Material shown »
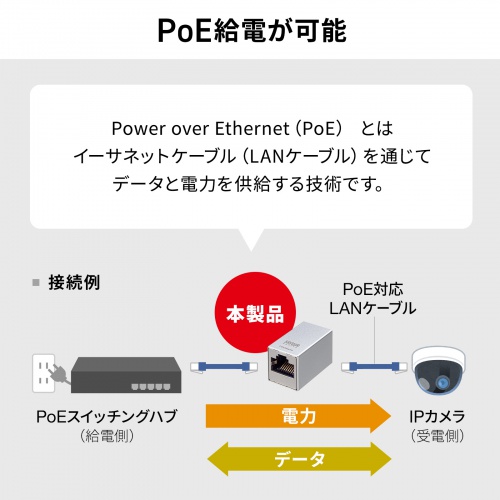 RJ-45中継アダプタ CAT7 10Gbps PoE/PoE+/PoE++ UTP/STP LANケーブル 延長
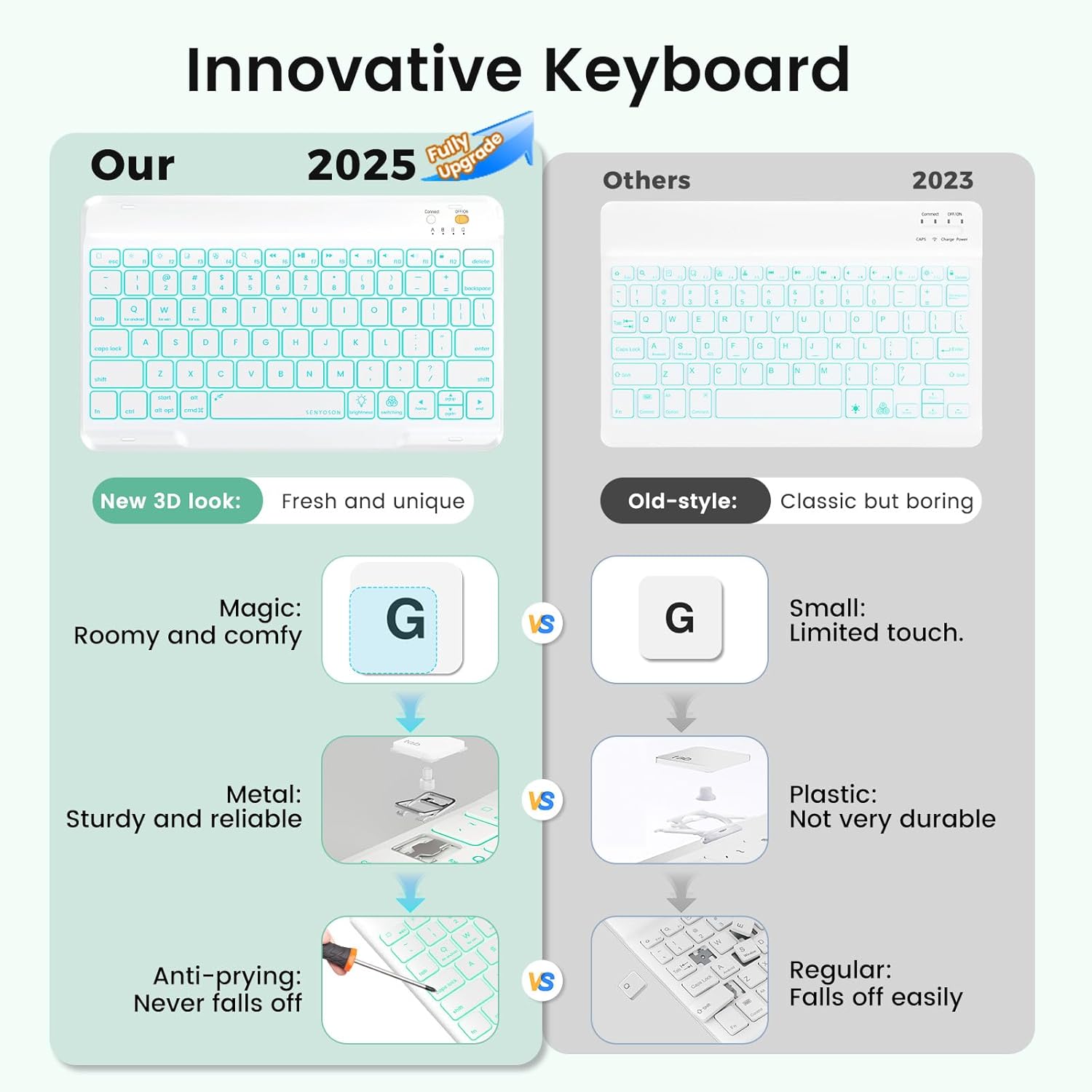 Keyboard Case for iPad Air 5th/4th Pro 11 inch, 7-Color Backlit Detachable Wireless Keyboard Case with Pencil Holder, Stand Folio Cover for Gen 2020/2022, Pro 4th/3rd/2nd/1st Gen, Green…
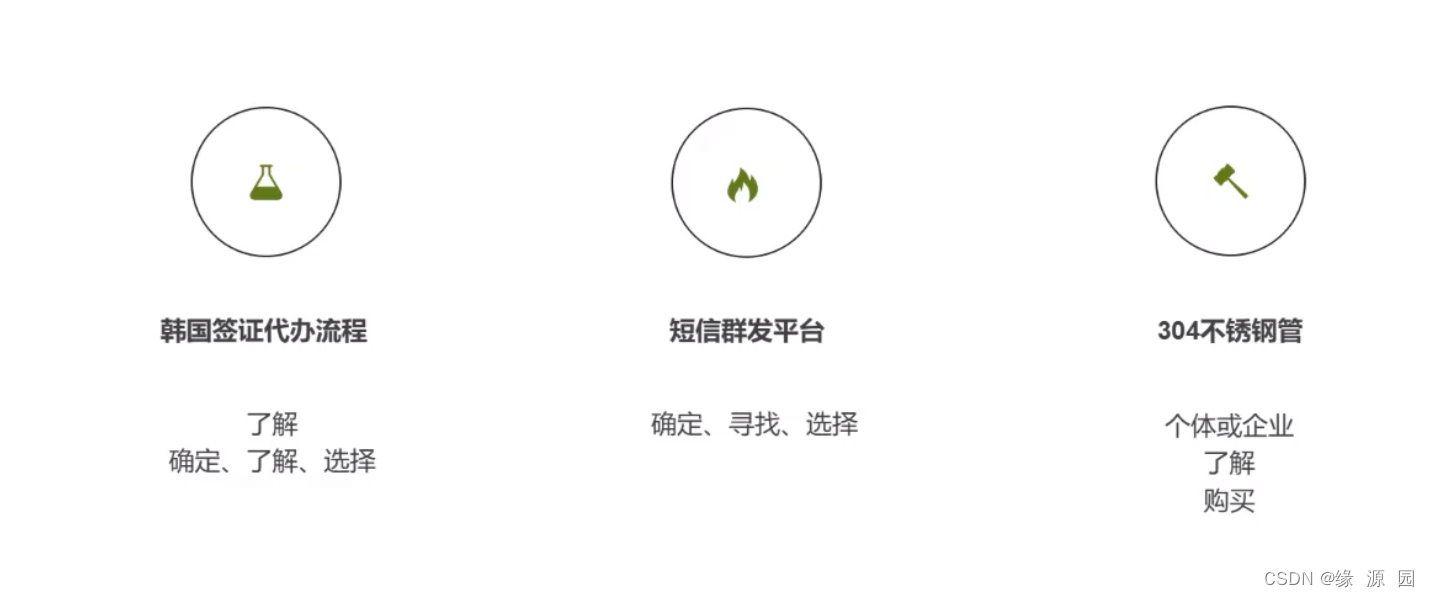 关键字分类及背后意图分析_根据关键词分析意图-CSDN博客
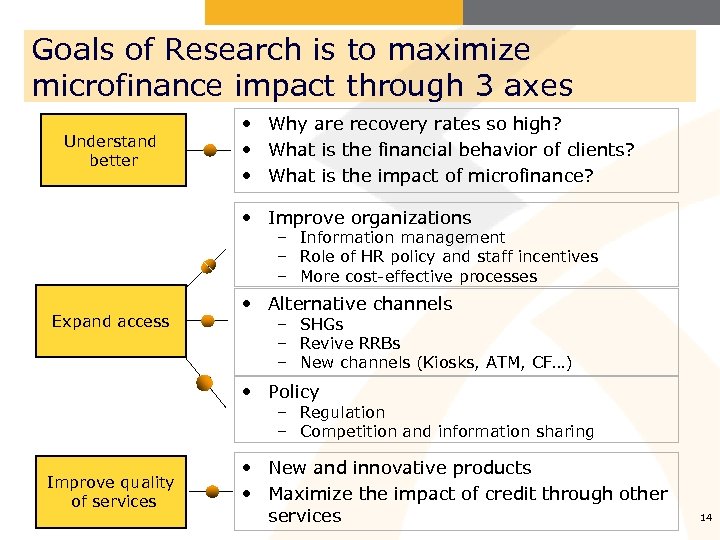 Goals of Research is to maximize microfinance impact through 3 axes Understand better •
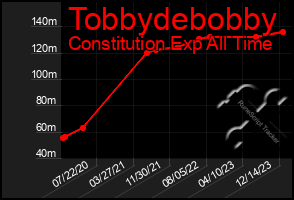 Total Graph of Tobbydebobby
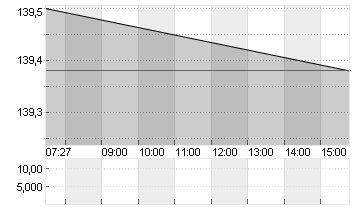 EXPEDIA GRP INC. DL-,0001 Chart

Instructions to follow » The reply needs to repeat exactly the line containing "Total Graph of Tobbydebobby" and each line after it, through the final line of the entries above, and to skip the pictures.

Task result »
 Total Graph of Tobbydebobby
 EXPEDIA GRP INC. DL-,0001 Chart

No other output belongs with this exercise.